Problem description. Begin with the opening line of the records and extract each line through the one holding "billige Sjal-Sjale Sjal"; pictures are not part of the copy.
[Supplied records]
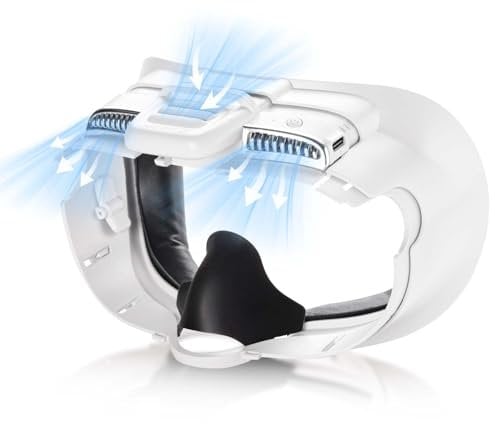 Face Cover with Soft Leather Pad for Oculus/Meta Quest 3, Facial Interface with Cooling Fan to Relieve Lens Fogging and Hot Air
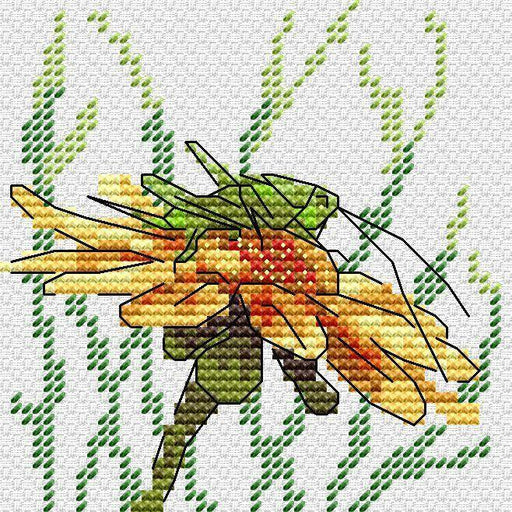 Grasshopper on Coneflower SM-622 Counted Cross Stitch Kit - Wizardi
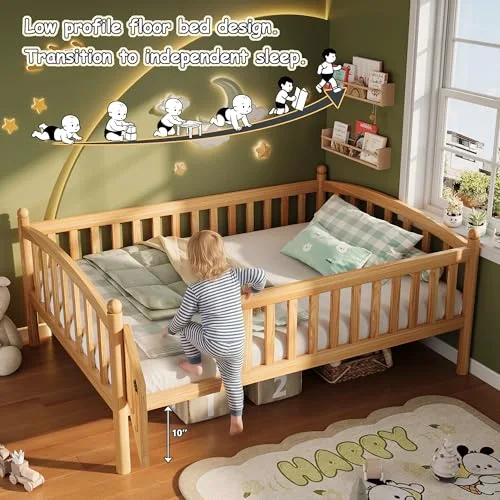 Twin Montessori Floor Bed Frame with High Rails and Door view 3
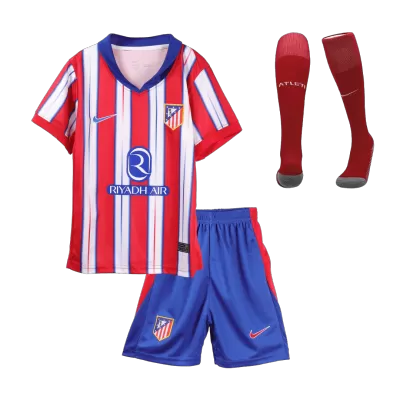 Atletico Madrid Home Kids Soccer Jerseys Full Kit 2024/25 - gogoalshop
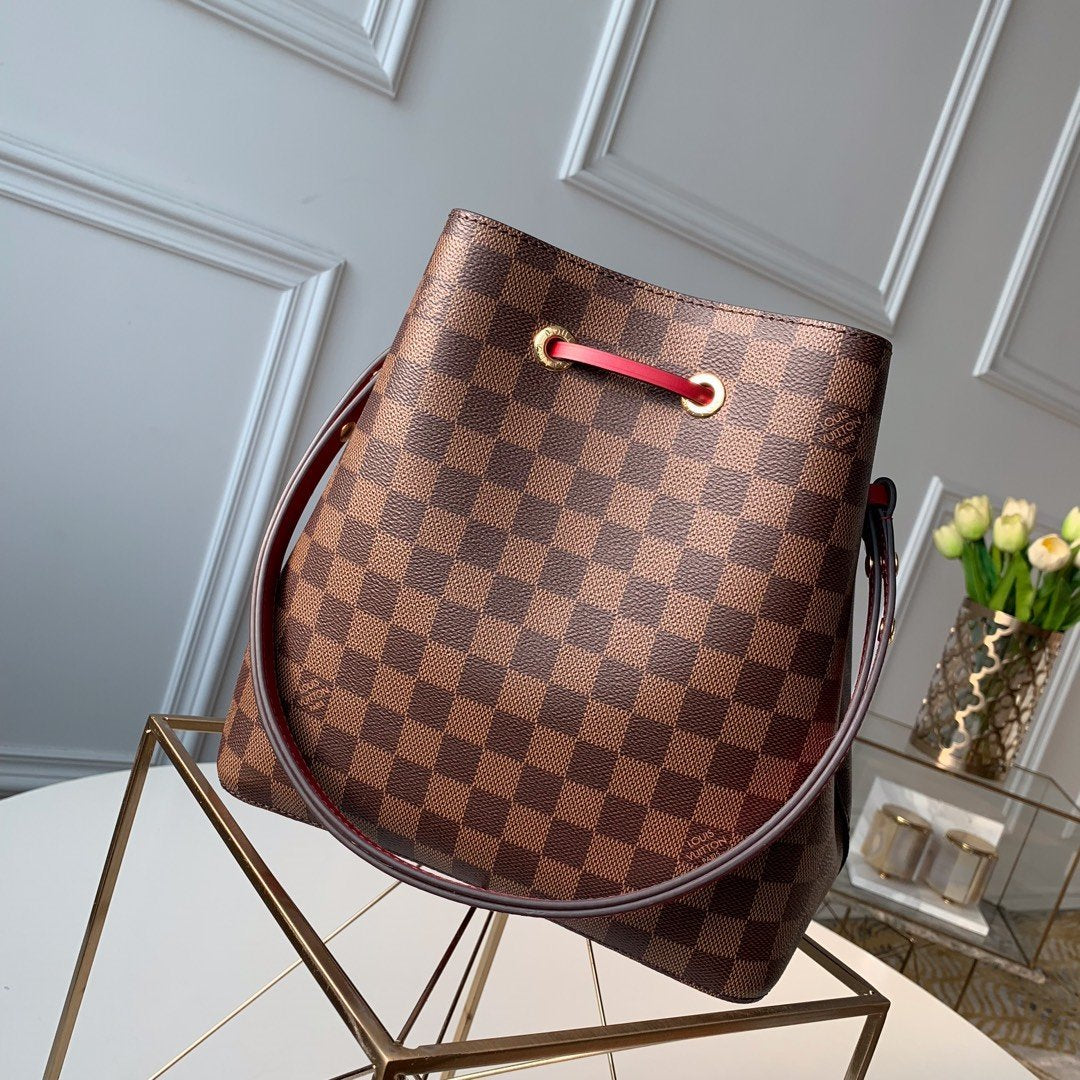 Louis Vuitton NeoNoe Bucket Bag MM Damier Azur Canvas Spring/Summer Collection N50042 Red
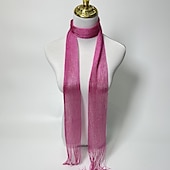 billige Sjal-Sjale Sjal til kvinner Skjerf til damer Enkel Ermeløs Polyester Bryllup Wrap Med Glimmer Til Daglig Vår sommer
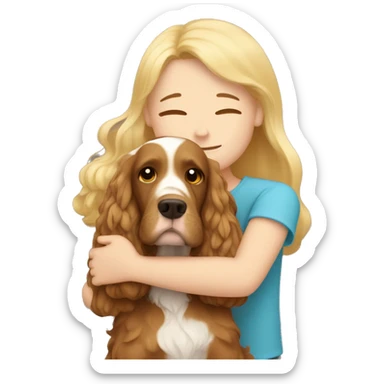Brown hair Girl hugs an Blonde Boy with golden cocker spaniel  sticker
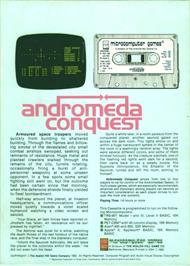 Box back cover for Andromeda Conquest on the Commodore PET.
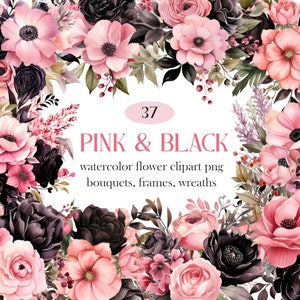 Watercolor floral wreath clipart with pink and dark black flowers, bouquet style border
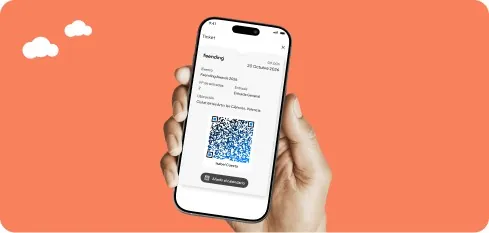 Una entrada de evento con código QR en la app de Feending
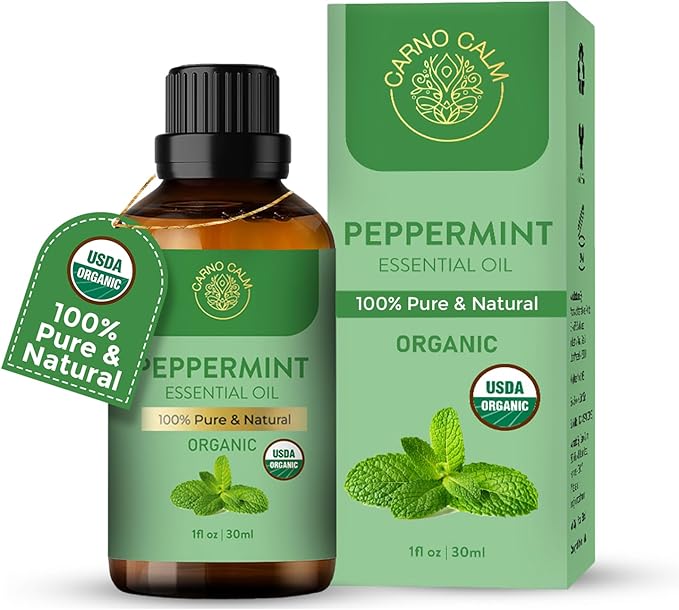 Peppermint Essential Oil | USDA Certified Organic Peppermint Oil | by CarnoCalm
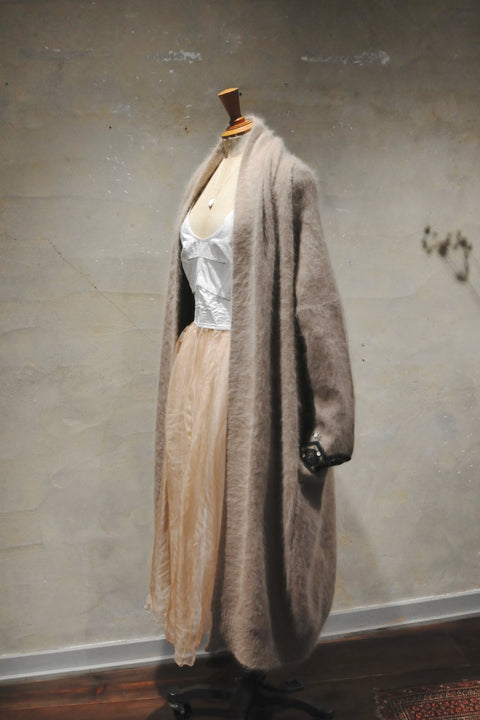 Angola nylon ロングカーディガン(beige)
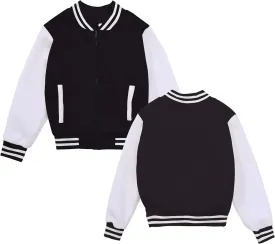 Kids Varsity Jacket Boys Baseball Jacket Sports Outerwear Coat for Girls School Uniform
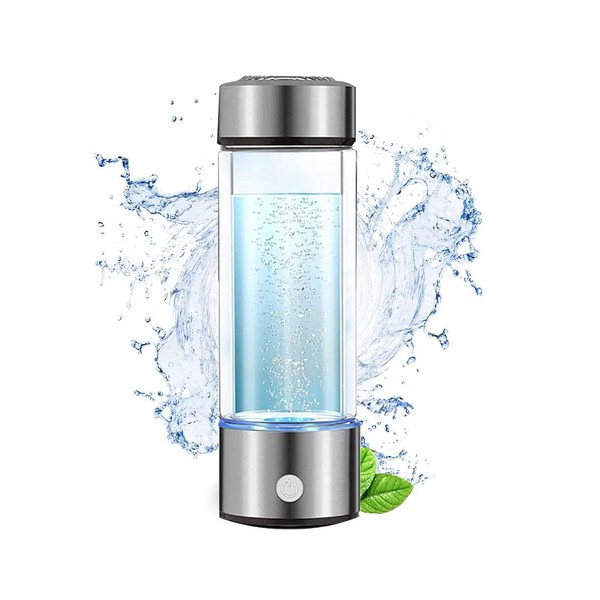 Hydrogen Generator, 450 ml, Hydrogen Water Loniser with PEM and SPE Technology, USB, Hydrogen Water Bottle asserole Concentration 800-1200 PPB Ioniser Bottle, Anti Ageing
[/Supplied records]
Final answer.
 Face Cover with Soft Leather Pad for Oculus/Meta Quest 3, Facial Interface with Cooling Fan to Relieve Lens Fogging and Hot Air
 Grasshopper on Coneflower SM-622 Counted Cross Stitch Kit - Wizardi
 Twin Montessori Floor Bed Frame with High Rails and Door view 3
 Atletico Madrid Home Kids Soccer Jerseys Full Kit 2024/25 - gogoalshop
 Louis Vuitton NeoNoe Bucket Bag MM Damier Azur Canvas Spring/Summer Collection N50042 Red
 billige Sjal-Sjale Sjal til kvinner Skjerf til damer Enkel Ermeløs Polyester Bryllup Wrap Med Glimmer Til Daglig Vår sommer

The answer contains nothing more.